Our severity reasoning: This is a risk-of-harm medical device with a structural defect potentially causing canopy detachment. Without reported injuries in the source material, it falls within the High category per the rubric.
Plain-English summary
Thor Photomedicine Ltd is recalling six THOR NOVO GEN 2.0 XL whole body red light therapy beds (model S1177) due to failure of ball stud components. This failure can cause the gas strut on one side of the canopy to detach, making the canopy difficult to lift.
The recalled units have serial numbers 3001, 3002, 3004, 3008, 3009, 3006, and 3003. They were distributed worldwide, with units in the United States (Arizona, California, Colorado, Connecticut, Florida, Hawaii, Idaho, Illinois, Iowa, Maryland, Michigan, Minnesota, Missouri, Nevada, New Hampshire, North Carolina, Ohio, Oregon, Texas, Utah, Virginia, and West Virginia) and internationally to Australia, Canada, Netherlands, New Zealand, Singapore, and the United Kingdom.

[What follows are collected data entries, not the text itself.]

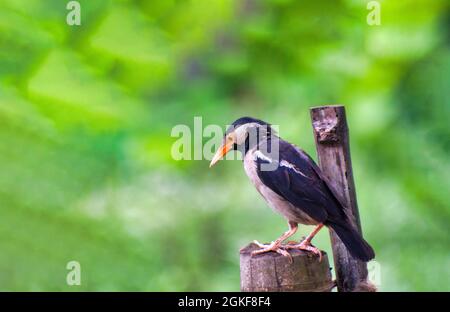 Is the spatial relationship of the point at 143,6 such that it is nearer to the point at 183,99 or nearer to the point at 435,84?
the point at 183,99

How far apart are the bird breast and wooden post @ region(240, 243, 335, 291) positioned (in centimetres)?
30

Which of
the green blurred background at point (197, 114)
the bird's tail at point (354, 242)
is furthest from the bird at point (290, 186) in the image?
the green blurred background at point (197, 114)

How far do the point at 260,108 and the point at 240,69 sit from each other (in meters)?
0.28

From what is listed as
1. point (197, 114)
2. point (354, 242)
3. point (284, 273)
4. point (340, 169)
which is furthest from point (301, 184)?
point (197, 114)

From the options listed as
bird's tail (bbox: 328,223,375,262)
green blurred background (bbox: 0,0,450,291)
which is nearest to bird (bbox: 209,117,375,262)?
bird's tail (bbox: 328,223,375,262)

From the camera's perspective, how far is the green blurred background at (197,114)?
463 centimetres

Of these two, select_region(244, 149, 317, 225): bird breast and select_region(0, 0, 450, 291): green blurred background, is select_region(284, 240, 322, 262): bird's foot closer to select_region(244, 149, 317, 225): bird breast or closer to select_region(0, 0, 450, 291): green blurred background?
select_region(244, 149, 317, 225): bird breast

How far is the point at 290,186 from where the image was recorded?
2982 millimetres

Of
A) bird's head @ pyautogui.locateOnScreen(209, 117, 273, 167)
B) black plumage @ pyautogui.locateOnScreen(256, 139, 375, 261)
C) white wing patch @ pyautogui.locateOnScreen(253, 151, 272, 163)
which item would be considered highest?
bird's head @ pyautogui.locateOnScreen(209, 117, 273, 167)

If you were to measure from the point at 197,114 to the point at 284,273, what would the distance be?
248 centimetres

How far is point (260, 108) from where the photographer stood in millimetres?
5312

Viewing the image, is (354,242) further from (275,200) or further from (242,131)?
(242,131)

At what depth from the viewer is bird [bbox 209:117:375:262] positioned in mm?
2828

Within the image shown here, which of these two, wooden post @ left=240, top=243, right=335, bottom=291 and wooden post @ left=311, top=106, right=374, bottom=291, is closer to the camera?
wooden post @ left=240, top=243, right=335, bottom=291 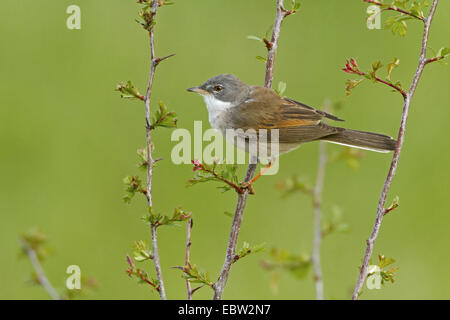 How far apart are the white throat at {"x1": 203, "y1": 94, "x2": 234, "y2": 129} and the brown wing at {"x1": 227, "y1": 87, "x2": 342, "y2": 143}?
0.09m

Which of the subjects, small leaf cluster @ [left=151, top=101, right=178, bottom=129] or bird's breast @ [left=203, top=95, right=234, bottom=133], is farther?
bird's breast @ [left=203, top=95, right=234, bottom=133]

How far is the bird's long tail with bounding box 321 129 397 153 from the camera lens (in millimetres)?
4629

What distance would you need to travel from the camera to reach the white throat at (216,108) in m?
5.15

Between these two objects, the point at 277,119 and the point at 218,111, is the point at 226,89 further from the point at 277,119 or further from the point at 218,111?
the point at 277,119

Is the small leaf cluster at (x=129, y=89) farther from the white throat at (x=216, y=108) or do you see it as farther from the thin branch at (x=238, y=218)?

Consumers who own an affected unit should contact Thor Photomedicine Ltd with questions or concerns about the recalled therapy beds.
The recalled product
- Product
- G041 POD, THOR NOVO GEN 2.0 XL whole body red light therapy bed, model S1177
- Manufacturer
- Thor Photomedicine Ltd
- Hazard
- structural-failure
- canopy-detachment
Is your product affected?
Check your packaging against the codes below. If any of them match, the product is part of this recall.
Lot numbers (7)
- Serial numbers: 3001
- 3002
- 3004
- 3008
- 3009
- 3006
- 3003.
Distribution
Distributed nationwide across the United States.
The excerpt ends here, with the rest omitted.